Matcha is one of the only shade-grown tea plants, which means that after they grow in the sun most of the year, farmers cover them with tarp, usually about three to four weeks before harvesting them, Purvis says. “That inhibits photosynthesis, and the plants strain to complete that cycle,” she explains. “As they strain to do so, they concentrate all their nutrients in the leaf.”

In the shade, the plants concentrate chlorophyll, a pigment that gives matcha its vibrant color, as well as the amino acid L-theanine — which tastes sweet — in the leaf. In the sun, they concentrate the antioxidant epigallocatechin gallate, which tastes bitter.

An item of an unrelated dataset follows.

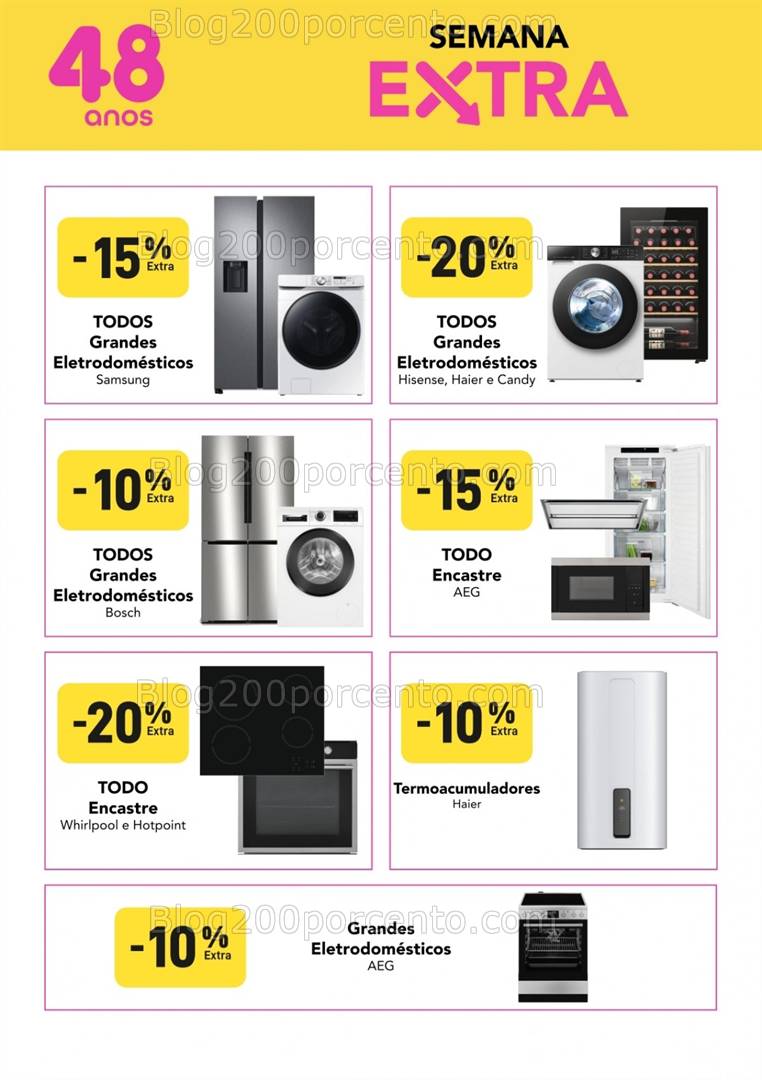 Antevisão Folheto RADIO POPULAR Promoções Fim de Semana - 27 a 31 março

“So the true art of matcha is when the producers have to mitigate the shade growing versus the sun,” Purvis says. The farmers need to tap into their deep knowledge of the plant and the climate to gauge when to add the tarps in order achieve the perfect blend of sweet and bitter. If you come across a powdered green tea that hasn’t been shade-grown, or has only been shade-grown a few days, it’s not matcha.

It’s made from tencha

“Tencha” refers to tea leaves that have been properly shade-grown and harvested for that distinct, vibrant green color, before they get ground into matcha, Purvis says. “When you see matcha in the market, if people advertise that this is from shade-grown tencha, then you know that they’re serious.” Not made from tencha? Not matcha.

It’s been stone-milled

Tencha can be considered matcha only if it’s been ground in a stone mill, or ishi-usu, Purvis tells me. Historically, these manual mills would take an hour to grind a mere 40 grams of tea (some still do), about the same amount in one of Mizuba Tea Co.’s tins. They revolve slowly, so as not to generate too much heat, which can oxidize the tea, yielding bitter, brown, not-so-tasty matcha. A good ishi-usu grinds matcha to an uber-fine one micron in size.

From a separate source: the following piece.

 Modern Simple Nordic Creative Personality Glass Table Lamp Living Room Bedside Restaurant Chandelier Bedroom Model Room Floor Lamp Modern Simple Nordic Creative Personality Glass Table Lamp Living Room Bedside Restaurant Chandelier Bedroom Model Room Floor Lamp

That said, a conversation is unfolding across Japan about how to meet the huge demand in matcha while maintaining traditional practices that prioritize flavor, Purvis says. The rise in demand has allowed producers to innovate with much faster ceramic mills, for example. But in Uji and Kyoto, “there’s a little more special attention to… ‘Let’s do it the traditional way, and this is what we’re going to strive to do to just make sure it survives.’”

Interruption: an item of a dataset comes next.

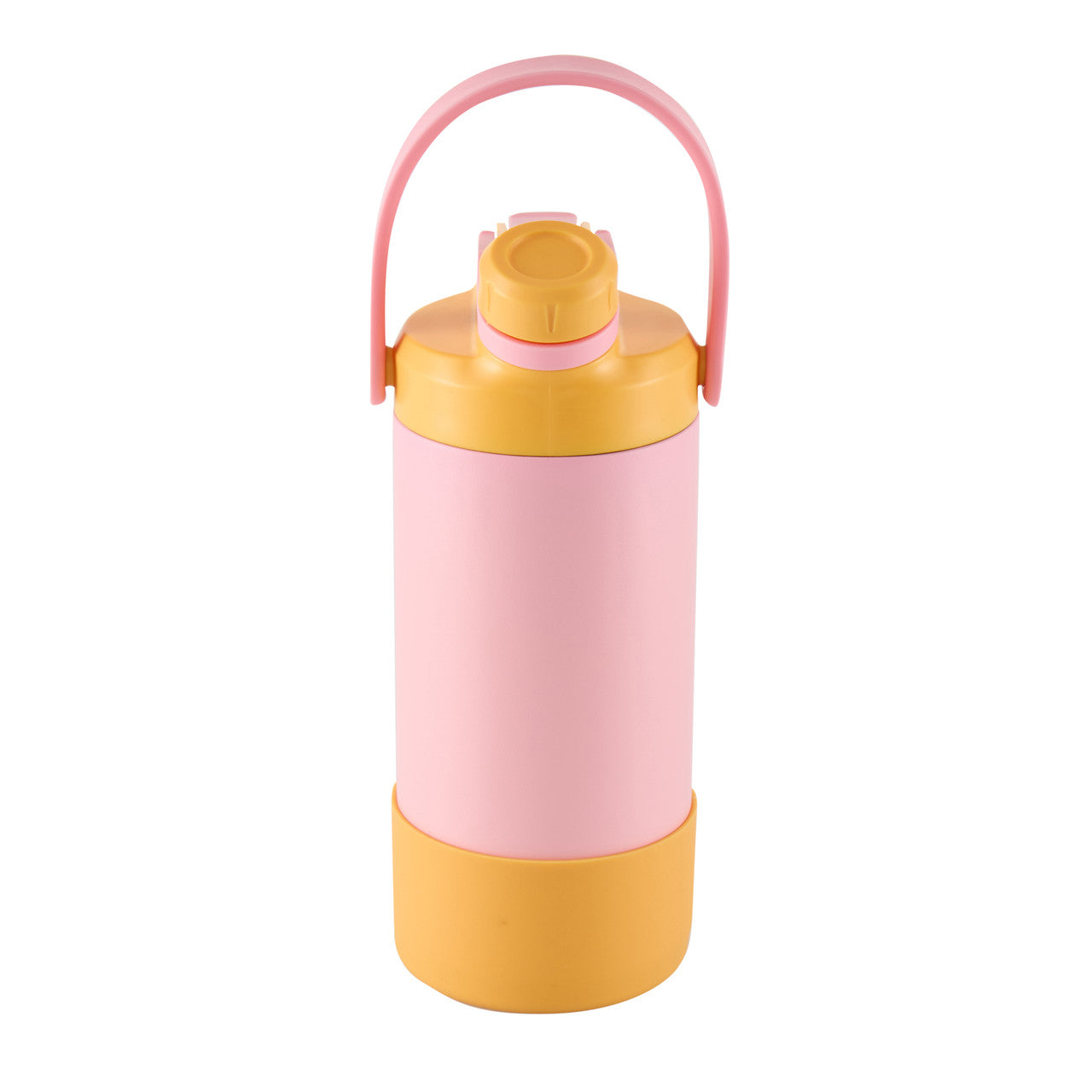 Avanti YumYum 2 Way Drinking Insulated Bottle, 400ml - Pink/Yellow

Now that you know what producing matcha entails, its price point should come as less of a surprise. Many people balk at the $20 starting price Mizuba Tea Co. charges for its matcha tins, Purvis says. As with so many commodities, “there’s a higher demand to have volume at a cheaper price. How does that do justice to the people who make it in the country where it’s coming from?” These prices support their livelihood, as well as the time and money they invest into their craft.

Matcha is a buzzy beverage at the moment, but it’s also so much more. Part of what draws me and so many others to it is the ritual of preparing and enjoying a cup, which requires a mindfulness, a slowing-down. Those of us who can afford to should apply the same approach to help sustain the traditional art of matcha production and the people behind it.